Workman Partner Julian Bates calls for “more sophisticated techniques” for measuring managing agent performance in response to Property Week’s article of 7 November entitled “Property managers urged to adopt new business models”
The Property Week headline on 7 November was a striking one, reporting on data released by Remit Consulting which argues that property managers need to “do the basics better, and change the way they treat tenants if they want to remain relevant”.
As the UK’s largest independent property management and building consultancy firm, we wholeheartedly support this notion – a focus on delivering the fundamentals of property management and ensuring occupier satisfaction is at the heart of our business. Put simply, it’s what we do.
The Remit report moves on to question the due date rent collection statistics [which paint a national picture of consistent underperformance], with Steph Yates, senior consultant at Remit, commenting “this amazes us time and again. If 20% of people didn’t pay their mortgage on the due date, they could lose their house”*.
In simple comparison terms, it’s an easy connection to make, but as Julian Bates, Partner at Workman commented in the piece, “the past few years are not the best measure of performance”*, particularly in retail, where “property managers face challenges beyond their control”*
How can landlords develop a clear picture of managing agents performance in these circumstances? Here, Julian Bates adds a bit more detail to the debate and counters that rent collection alone presents an unhelpfully narrow view.

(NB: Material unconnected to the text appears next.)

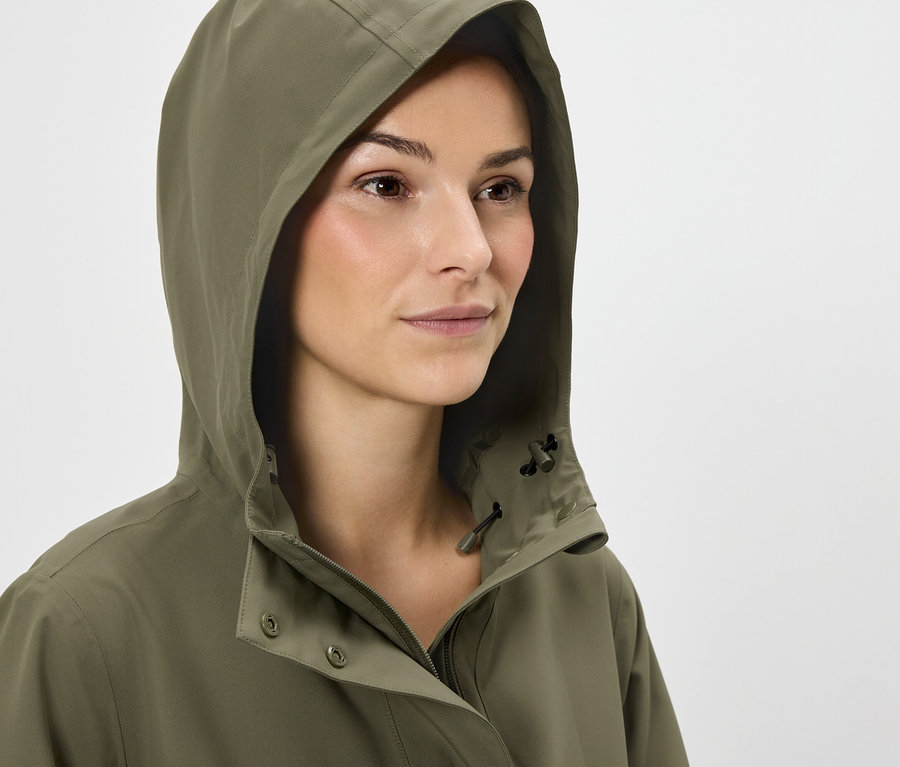 Frau mit braunen Haaren trägt eine olivgrüne Jacke mit Kapuze.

“Rent collection statistics based on due date collection can be a useful measure for Managing Agents’ performance, but provides a very limited view of the debt profile. Historic pre quarter debt is often as useful a measure of performance particularly with the proliferation of CVA’s and service charge consultants both of which can slow down or even stop the flow of funds.
Indeed, we would counter that where industry has typically relied on due date collection as a key performance indicator, historic debt is far more relevant. Total arrears debt collection, which includes pre-quarter debt, can have a bigger impact on landlord cashflow.
Bringing historic debt down to a minimum can bring significant benefit to the landlord’s total risk profile and in recent years, we have been building up our credit control team with total arrears management in mind, reflecting the market we are operating in.
A positive and clear relationship with occupiers does demonstrably make a difference to recovery here so it is important that at all touch points the landlord’s agent is seen as good to deal with.
More sophisticated techniques need to be used as part of a suite of measures to build a clear picture of a Managing Agents’ performance, if landlords are to identify the top performers. These do not need to be overly extensive but ideally need to link back to the landlord’s own objectives thereby ensuring service is clearly aligned and performance measured.”